Task brief:
Using only the entries below, output the lines starting at the one containing "Scandinavian Balcony with" and ending at the one containing "Peugeot Partner Fourgon", exactly and inclusive of both, omitting the pictures.

Provided data:
* * * * *
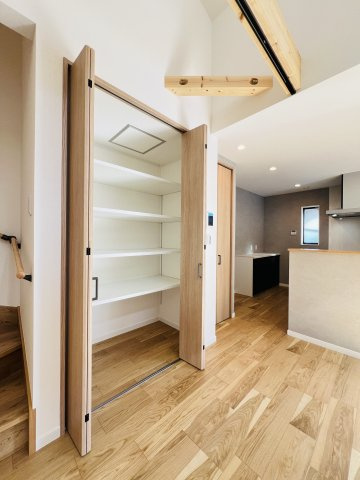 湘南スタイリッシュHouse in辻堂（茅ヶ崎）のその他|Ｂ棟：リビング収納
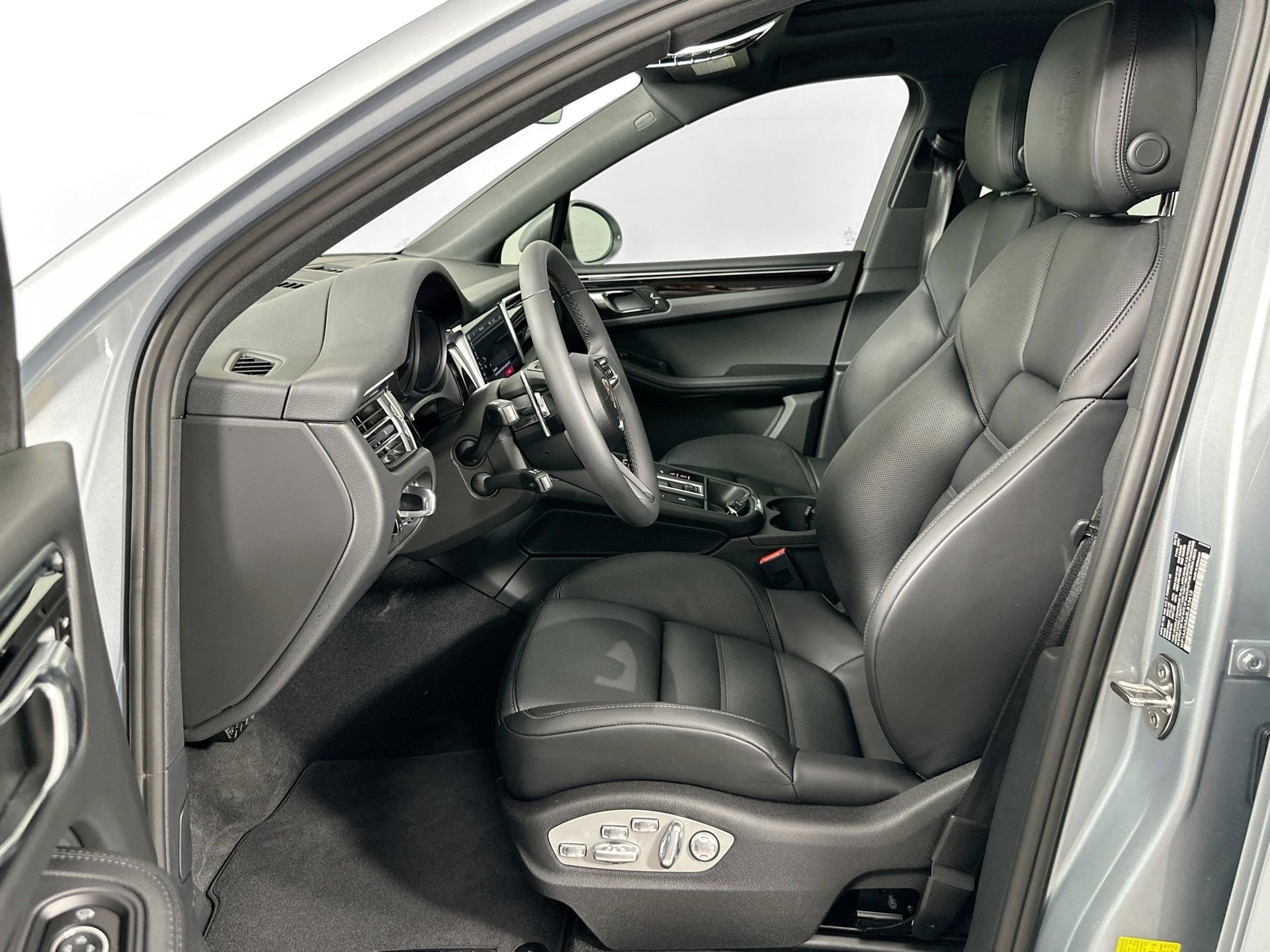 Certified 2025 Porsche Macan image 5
* * * * *
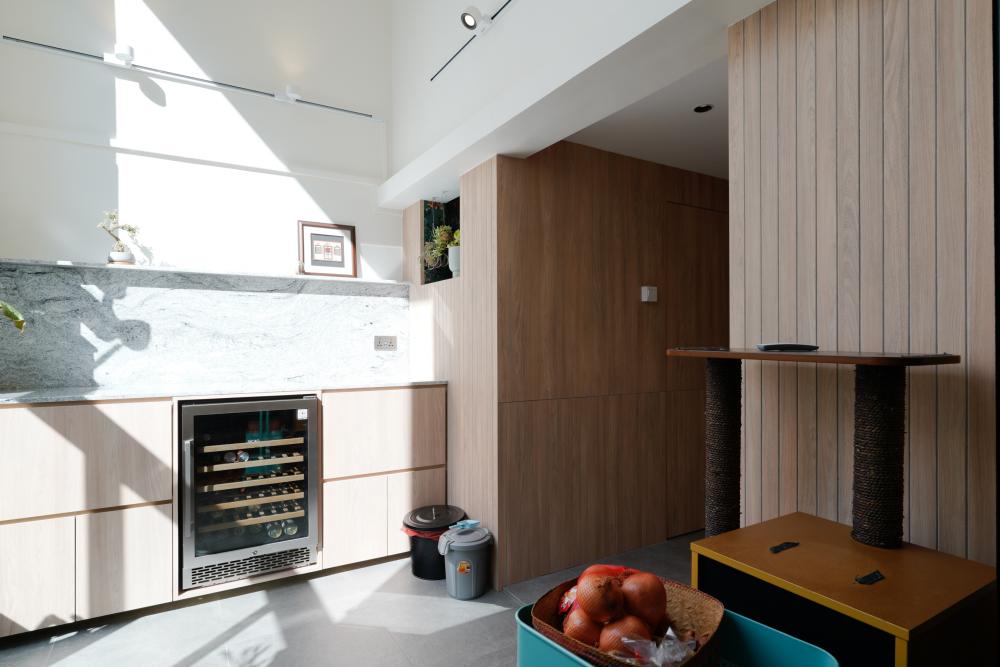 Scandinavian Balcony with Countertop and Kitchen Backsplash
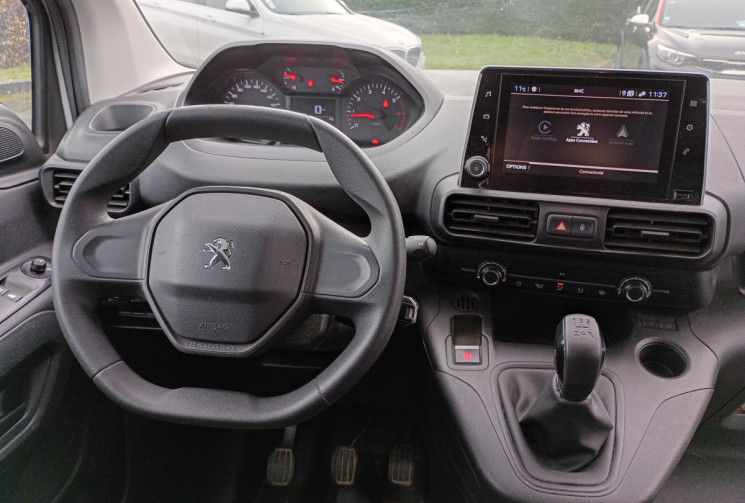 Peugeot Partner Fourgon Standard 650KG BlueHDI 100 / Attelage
* * * * *
Response to the task:
 Scandinavian Balcony with Countertop and Kitchen Backsplash
 Peugeot Partner Fourgon Standard 650KG BlueHDI 100 / Attelage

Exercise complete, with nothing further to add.